After having been threatened with expulsion from the Football League due to uncertainty over their tenure at the Ricoh, Coventry played their 2019-20 fixtures at Birmingham’s St Andrew’s . Negotiations over a return to the Ricoh for a five-year period from next season are still to be resolved.

Dave Eyles, the chairman of supporters’ group the Sky Blues Trust, said he welcomed the news. “This has been a long time coming for the fanbase with suggestions [of a new ground] first being made by the club ownership back in 2013.

“There are still many hurdles to be cleared such as planning permission issues, infrastructure challenges and financials to be ironed out, but it is definitely a step in the right direction.

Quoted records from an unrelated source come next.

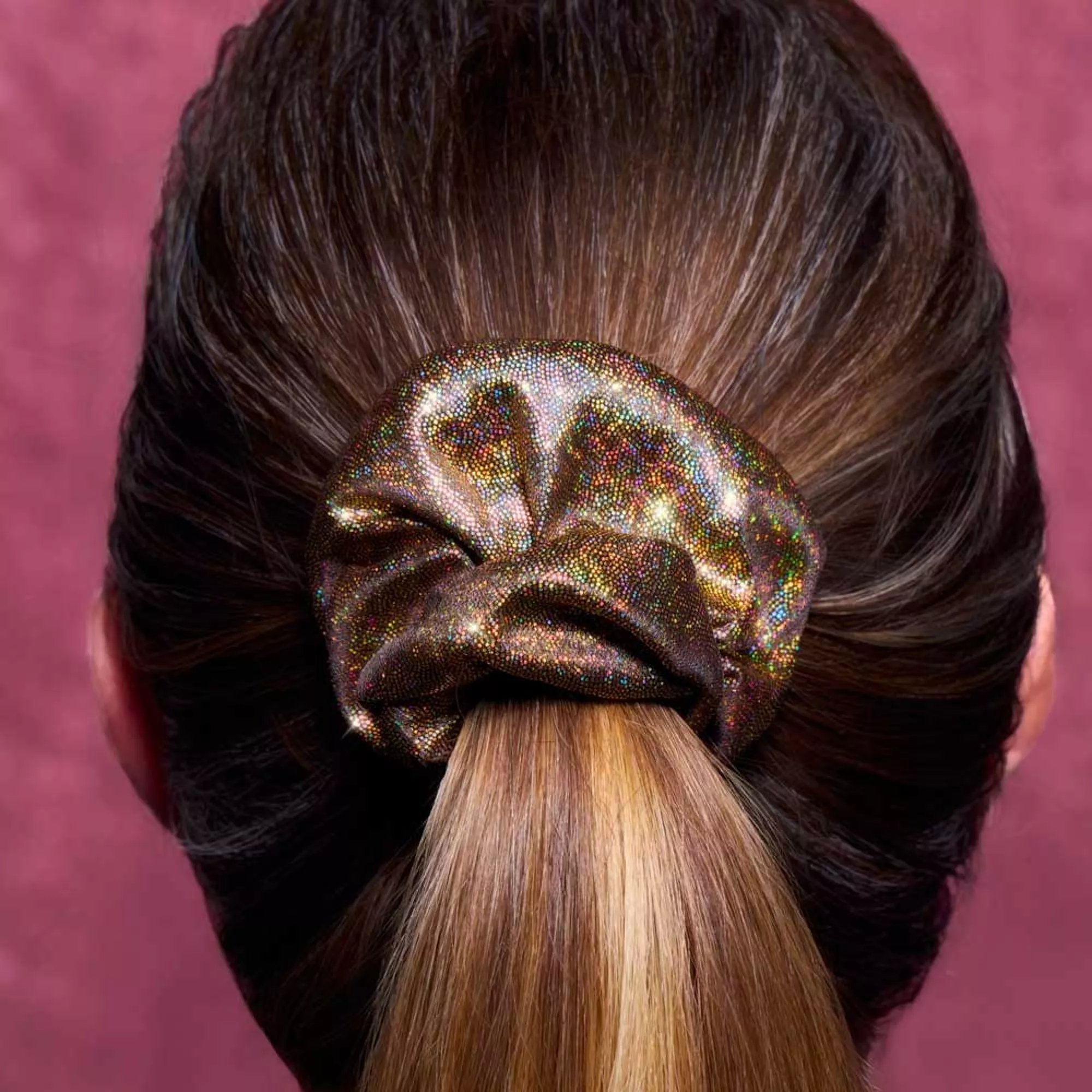 Chouchou Noir Doré Pailleté – Image 2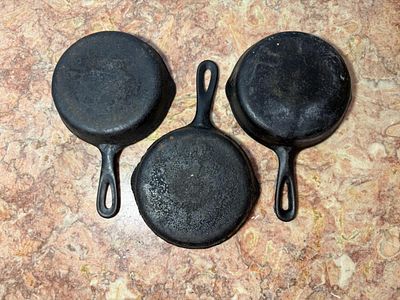 A Trio of Vintage Size 3 Cast Iron Skillets, Wagner and others. Auction pickup for this auction 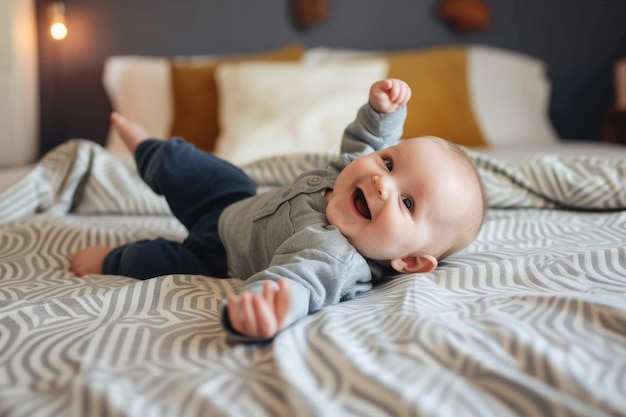 Photo a 6 month old baby boy smiling laying on a bed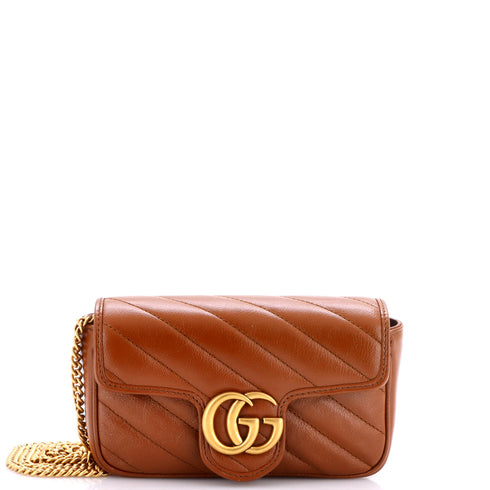 GG Marmont Flap Bag Diagonal Quilted Leather Super Mini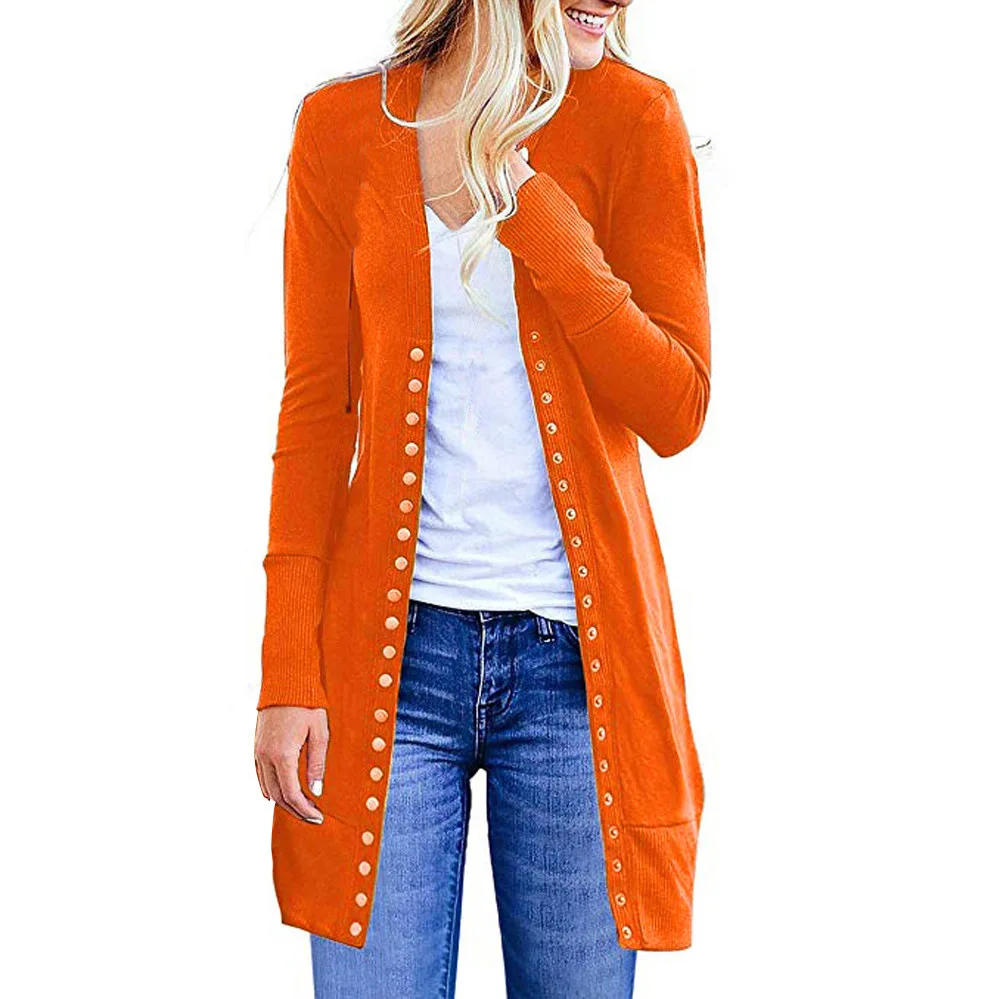 2024 autumn new hot Europe and the United States plus-size ladies fashion long button solid color cardigan coat women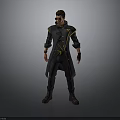 Man Wearing Long Dark Coat With Yellow Accents Sunglasses Gloves And Boots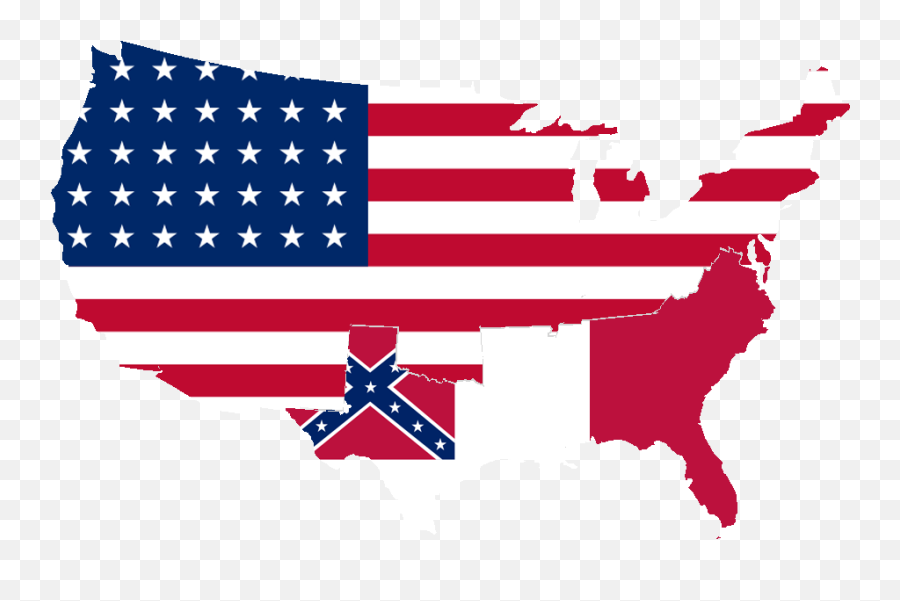 United And Confederate States - America Flag On Map Emoji,Mississippi Flag Emoji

“It’s start to shine a light at the end of the tunnel. We are aware that negotiations are ongoing for the Sky Blues to return to the Ricoh arena in groundshare arrangement with Wasps.

“If the short-term future and the long-term future are both clear for the football club, the level of positivity would clearly increase. The majority of fans want to see Coventry playing back in Coventry as soon as possible.”

In a joint statement, the club and the university laid out their ambitions for a new stadium, though hurdles in terms of planning and funding remain. “Both the University and the Club are committed to a visionary, environmentally friendly stadium in terms of materials, energy, noise, building and of course access,” they said.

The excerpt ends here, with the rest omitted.